Friday, 20 October 2017

Lord Derby's Scheme 1915

And following on from the last blog is this postcard from circa 1915. The father refers initially to the fact that in 1911 the Chancellor of the Exchequer David Lloyd-George inroduced maternity benefits.

His next reference to Lord Derby refers to a scheme that was introduced in the Spring of 1915 to bolster numbers in the armed services. Fuller details of the scheme can be found at this link but it had its origins in the simple fact that voluntary recruitment was never going to come up with the numbers needed to sustain a war that was consuming men and materials at an alarming rate.

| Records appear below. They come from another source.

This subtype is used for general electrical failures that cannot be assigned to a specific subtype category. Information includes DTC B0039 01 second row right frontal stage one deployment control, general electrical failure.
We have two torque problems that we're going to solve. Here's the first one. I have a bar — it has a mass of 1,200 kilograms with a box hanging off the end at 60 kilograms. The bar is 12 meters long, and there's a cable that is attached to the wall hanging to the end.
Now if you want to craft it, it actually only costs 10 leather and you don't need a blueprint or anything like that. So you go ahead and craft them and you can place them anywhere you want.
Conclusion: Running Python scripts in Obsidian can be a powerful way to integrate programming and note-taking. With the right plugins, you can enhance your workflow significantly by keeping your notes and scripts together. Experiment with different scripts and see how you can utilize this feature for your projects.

As with so many cartoons of this nature, the facts are true. Those that were attested and then mobilsed under the scheme faced a baptism of fire on the Western Front and their chances of survival were diminishing as the war progressed. "What a Life" indeed

MEMORIAL TABLET 
(GREAT WAR)
 
Squire nagged and bullied until I went to fight,
(Under Lord Derby's Scheme). I died in hell –
(They called it Passchendaele). My wound was slight,
And I was hobbling back; and then a shell
Burst slick upon the duckboards : so I fell
Into the bottomless mud, and lost the light.
 
At sermon-time while Squire is in his pew,
He gives my gilded name a thoughtful stare;
For,though low down upon the list,I'm there;
In proud and glorious memory ... that's my due.
Two bleeding years I fought in France, for Squire:
I suffered anguish that he never guessed.
Once I came home on leave: and then went west ...
What greater glory could a man desire?